## EXTRACTED INFORMATION
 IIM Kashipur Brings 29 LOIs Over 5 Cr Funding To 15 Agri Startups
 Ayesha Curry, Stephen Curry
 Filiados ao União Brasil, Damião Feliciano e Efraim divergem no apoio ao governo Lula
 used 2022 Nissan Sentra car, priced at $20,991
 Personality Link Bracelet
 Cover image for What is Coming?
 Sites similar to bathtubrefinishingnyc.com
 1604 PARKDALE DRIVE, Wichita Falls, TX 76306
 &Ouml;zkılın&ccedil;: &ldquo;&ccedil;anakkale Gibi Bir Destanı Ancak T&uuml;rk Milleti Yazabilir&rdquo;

## TASK
Print, without any change, the line containing "Cover image for What is Coming?" and each line after it to the end of the material.

## RESULT
 Cover image for What is Coming?
 Sites similar to bathtubrefinishingnyc.com
 1604 PARKDALE DRIVE, Wichita Falls, TX 76306
 &Ouml;zkılın&ccedil;: &ldquo;&ccedil;anakkale Gibi Bir Destanı Ancak T&uuml;rk Milleti Yazabilir&rdquo;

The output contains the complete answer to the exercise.